Thinking of buying a smart device? To protect your safety, ask yourself these five questions
Homes are getting smarter: smart thermostats manage our heating, while smart refrigerators can monitor our food consumption and help us order our groceries. Some homes even have smart doorbells that let us know who is at our door. And of course, smart TVs allow us to stream the content we want to watch, when we want to watch it.
While this all sounds very futuristic, a recent survey tells us that 23% of people in Western Europe and 42% of people in the United States use smart devices at home.
If a compromised smart device has a camera or microphone, an attacker can access it and all data on the device can be read, viewed, copied, modified or erased. The compromised smart device may start watching your network traffic, trying to find your usernames, passwords, and financial data. It may appear to take control of other smart devices you own.
For example, an attacker could adjust the temperature of a smart thermostat, making the house too hot, and demand a ransom payment to allow you to regain control of your central heating. Alternatively, an intelligent CCTV system can be taken over and the data monitored by an attacker or deleted after a break-in.
Smart devices can also attack other systems. Your smart device may be part of a “botnet” (a network of compromised smart devices under the control of a single person). Once compromised, it will search for other smart devices to infect and recruit into the botnet.
The most common form of botnet attack is called a Distributed Denial of Service (DDoS) attack. This is where the botnet sends hundreds of thousands of requests per second to a target website, preventing legitimate users from accessing it. In 2016, a botnet called Mirai temporarily blocked internet access for much of North America and parts of Europe.
In addition to DDoS attacks, your smart devices can be used to deliver ransomware, software that encrypts a computer so that it cannot be used until a ransom is paid. They may also be engaged in cryptomining (the “mining” of digital currencies that earns the attacker money) and financial crime.
Read more: It’s far too easy for abusers to exploit smart toys and trackers
There are two main ways to compromise a smart device. The first is through simple default credentials, where a smart device has a very basic username and password pre-installed, such as “admin” and “password”, and the user does not. has not changed.
The second is due to errors in the code of the smart device, which an attacker can use to gain access to the device. These errors (called vulnerabilities) can only be corrected by a security update released by the device manufacturer and known as a “patch”.
How to be smart AND safe
If you’re thinking about buying a new smart device, here are five questions to keep in mind that can help increase the security of your new device and your home. These questions can also help you ensure that the smart devices you already own are secure.
1. Do I really need a smart device?
Although Internet connectivity may be a convenience, is it really a requirement for you? Devices that don’t have a remote connection don’t pose a security risk, so you shouldn’t buy a smart device unless you really need your device to be smart.
2. Does the device have simple default credentials?
If so, this is a serious risk until you change the credentials. If you buy this device and the default username and password are easy to guess, you’ll need to change them to something only you will know. Otherwise, the device is highly vulnerable to being taken over by an attacker.
3. Can the device be updated?
If the device cannot be updated and a vulnerability is discovered, neither you nor the manufacturer will be able to prevent an attacker from getting hold of it. So always check with the seller that the device software can be updated. If you have a choice, you should choose a device with automatic updates, rather than one where you have to install updates manually.
If you already have devices that can’t be updated, consider removing their internet access (by disconnecting them from your wifi) or buying new ones.

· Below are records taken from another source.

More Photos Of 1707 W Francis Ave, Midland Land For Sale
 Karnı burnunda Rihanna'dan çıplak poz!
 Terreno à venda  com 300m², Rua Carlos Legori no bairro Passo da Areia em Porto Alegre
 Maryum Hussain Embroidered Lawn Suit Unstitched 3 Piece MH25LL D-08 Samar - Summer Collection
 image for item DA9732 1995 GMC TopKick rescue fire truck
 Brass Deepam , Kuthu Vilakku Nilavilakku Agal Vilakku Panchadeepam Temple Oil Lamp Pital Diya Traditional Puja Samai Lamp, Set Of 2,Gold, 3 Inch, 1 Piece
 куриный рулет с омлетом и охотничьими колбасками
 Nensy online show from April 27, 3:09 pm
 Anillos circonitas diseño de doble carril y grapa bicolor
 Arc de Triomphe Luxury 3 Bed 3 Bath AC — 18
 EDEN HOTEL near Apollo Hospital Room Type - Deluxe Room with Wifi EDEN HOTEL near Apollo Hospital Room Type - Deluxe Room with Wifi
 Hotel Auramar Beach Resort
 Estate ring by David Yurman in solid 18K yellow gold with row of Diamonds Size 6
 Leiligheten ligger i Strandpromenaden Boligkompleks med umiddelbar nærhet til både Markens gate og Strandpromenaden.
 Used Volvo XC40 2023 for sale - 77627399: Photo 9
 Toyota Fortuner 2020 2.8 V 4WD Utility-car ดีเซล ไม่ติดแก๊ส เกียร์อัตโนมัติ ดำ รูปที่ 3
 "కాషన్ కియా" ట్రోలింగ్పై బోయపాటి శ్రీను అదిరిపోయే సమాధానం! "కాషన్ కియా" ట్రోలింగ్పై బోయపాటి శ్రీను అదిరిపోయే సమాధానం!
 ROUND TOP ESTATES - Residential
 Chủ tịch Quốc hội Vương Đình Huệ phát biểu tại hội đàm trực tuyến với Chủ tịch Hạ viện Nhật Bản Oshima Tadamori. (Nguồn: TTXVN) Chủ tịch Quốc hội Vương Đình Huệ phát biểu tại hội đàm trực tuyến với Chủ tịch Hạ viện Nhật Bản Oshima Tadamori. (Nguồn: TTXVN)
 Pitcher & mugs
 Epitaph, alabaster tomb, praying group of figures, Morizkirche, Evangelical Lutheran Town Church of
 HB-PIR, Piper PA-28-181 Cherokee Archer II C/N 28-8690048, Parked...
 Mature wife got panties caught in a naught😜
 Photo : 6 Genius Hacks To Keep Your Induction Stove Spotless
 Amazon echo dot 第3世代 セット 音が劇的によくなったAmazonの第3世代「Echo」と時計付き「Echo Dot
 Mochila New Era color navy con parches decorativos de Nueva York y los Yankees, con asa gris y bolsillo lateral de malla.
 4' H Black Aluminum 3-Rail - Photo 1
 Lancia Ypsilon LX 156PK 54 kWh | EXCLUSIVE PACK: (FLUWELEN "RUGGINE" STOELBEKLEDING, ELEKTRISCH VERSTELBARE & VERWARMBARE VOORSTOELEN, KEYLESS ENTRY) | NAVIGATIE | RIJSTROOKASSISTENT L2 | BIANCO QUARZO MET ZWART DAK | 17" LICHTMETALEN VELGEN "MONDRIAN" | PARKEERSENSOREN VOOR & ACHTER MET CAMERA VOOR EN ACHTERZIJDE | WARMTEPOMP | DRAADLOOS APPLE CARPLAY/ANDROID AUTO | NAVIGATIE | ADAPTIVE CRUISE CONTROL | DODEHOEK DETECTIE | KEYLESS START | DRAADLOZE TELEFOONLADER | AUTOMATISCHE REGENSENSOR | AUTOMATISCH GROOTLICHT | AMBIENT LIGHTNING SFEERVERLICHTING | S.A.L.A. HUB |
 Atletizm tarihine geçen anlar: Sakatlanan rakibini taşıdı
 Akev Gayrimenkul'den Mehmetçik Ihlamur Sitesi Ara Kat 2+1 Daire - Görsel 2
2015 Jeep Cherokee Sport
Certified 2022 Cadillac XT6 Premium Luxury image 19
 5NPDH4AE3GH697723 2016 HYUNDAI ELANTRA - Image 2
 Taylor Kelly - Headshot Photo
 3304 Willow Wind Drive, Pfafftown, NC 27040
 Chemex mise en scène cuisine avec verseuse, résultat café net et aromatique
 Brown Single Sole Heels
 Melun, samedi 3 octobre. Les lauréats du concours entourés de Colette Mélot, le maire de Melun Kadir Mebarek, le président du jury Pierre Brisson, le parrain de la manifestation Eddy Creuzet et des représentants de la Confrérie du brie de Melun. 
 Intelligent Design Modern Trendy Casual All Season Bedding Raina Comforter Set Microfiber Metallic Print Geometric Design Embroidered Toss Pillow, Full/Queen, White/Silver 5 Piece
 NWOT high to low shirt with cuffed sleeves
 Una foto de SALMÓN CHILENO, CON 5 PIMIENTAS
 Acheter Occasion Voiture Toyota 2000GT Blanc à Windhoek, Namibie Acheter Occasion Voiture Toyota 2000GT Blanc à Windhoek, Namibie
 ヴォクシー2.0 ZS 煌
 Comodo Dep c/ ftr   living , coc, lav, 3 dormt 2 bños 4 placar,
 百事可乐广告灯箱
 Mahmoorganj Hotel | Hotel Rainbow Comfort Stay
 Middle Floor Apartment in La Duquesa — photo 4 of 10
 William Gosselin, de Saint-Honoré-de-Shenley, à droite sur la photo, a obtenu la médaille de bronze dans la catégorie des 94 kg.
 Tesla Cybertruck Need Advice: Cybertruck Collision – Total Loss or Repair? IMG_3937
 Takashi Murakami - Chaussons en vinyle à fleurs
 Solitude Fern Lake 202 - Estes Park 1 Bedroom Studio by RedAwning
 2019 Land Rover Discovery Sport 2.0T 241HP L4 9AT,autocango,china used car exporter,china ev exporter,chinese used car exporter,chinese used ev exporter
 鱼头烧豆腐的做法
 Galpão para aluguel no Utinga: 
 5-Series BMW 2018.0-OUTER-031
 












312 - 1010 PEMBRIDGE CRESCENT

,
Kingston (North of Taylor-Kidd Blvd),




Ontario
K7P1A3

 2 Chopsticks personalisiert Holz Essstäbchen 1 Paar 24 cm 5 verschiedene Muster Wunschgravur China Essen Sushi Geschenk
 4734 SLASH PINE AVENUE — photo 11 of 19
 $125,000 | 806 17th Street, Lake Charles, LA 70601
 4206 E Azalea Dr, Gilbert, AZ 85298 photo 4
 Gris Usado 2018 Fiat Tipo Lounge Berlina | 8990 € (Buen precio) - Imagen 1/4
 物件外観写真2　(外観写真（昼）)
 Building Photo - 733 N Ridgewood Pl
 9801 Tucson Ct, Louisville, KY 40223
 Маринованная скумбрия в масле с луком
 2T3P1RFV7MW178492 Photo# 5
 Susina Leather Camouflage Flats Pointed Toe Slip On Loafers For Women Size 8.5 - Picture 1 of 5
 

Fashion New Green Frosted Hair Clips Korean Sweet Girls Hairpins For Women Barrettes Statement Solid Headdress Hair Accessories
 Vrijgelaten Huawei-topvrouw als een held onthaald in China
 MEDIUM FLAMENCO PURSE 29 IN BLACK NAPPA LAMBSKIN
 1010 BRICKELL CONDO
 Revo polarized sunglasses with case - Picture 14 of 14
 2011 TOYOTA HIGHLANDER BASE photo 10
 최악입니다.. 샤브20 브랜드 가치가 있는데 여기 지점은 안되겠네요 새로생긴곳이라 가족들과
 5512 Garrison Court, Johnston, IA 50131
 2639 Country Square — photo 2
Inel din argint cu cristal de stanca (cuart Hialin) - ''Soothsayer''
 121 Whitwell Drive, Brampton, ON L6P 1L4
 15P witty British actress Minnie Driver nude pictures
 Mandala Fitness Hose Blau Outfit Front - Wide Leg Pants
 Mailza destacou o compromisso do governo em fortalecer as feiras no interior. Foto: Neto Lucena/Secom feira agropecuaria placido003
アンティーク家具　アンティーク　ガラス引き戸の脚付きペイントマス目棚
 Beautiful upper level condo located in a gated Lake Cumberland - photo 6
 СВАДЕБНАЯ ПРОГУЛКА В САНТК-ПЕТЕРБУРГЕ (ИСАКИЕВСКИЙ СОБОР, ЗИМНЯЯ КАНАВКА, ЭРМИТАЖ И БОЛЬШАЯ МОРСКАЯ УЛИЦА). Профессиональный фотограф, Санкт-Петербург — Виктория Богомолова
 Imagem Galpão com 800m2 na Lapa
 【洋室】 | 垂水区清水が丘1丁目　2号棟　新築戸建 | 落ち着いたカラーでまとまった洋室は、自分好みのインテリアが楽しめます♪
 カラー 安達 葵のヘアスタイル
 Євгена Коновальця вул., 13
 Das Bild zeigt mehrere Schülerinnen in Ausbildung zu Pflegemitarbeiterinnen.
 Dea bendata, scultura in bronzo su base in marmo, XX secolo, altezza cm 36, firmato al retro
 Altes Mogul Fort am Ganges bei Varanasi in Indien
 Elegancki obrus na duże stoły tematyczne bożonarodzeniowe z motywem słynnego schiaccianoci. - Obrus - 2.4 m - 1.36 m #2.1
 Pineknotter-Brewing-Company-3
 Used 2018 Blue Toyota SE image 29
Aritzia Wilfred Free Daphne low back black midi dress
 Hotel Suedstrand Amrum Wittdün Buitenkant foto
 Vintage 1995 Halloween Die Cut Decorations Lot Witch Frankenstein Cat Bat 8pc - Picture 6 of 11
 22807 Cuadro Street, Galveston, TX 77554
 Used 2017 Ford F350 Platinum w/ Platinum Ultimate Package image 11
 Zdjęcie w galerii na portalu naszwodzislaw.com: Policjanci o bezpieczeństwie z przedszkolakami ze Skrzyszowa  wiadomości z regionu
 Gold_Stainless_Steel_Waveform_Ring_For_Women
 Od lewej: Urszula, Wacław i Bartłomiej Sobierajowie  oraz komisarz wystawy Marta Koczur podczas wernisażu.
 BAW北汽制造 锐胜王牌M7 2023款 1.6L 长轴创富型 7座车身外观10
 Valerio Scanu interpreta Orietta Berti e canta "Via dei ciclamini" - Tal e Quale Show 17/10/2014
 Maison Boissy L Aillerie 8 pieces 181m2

4. How long has the manufacturer committed to supporting the device?
If the manufacturer stops releasing security updates, your device will be susceptible to compromise if a vulnerability is later discovered. You need to confirm with the seller that the device will be supported for at least as long as you plan to use it.
5. Does the manufacturer run a bug bounty program?
These are programs in which a company will pay a reward to anyone who identifies vulnerabilities in their code base. Not all companies operate them, but they suggest that the manufacturer takes the security of its products seriously. Details will be on the manufacturer’s website.
Read more: Smart speakers: Why sales are skyrocketing despite all our privacy fears
It is not easy to find out if your smart device has been hacked. But as long as your smart devices are supported by their manufacturers, update when needed, and have strong credentials, it won’t be easy for an attacker to gain access.
If you’re worried that your device has been hacked, perform a factory reset, change the username and password to something new and unique, and apply any available updates.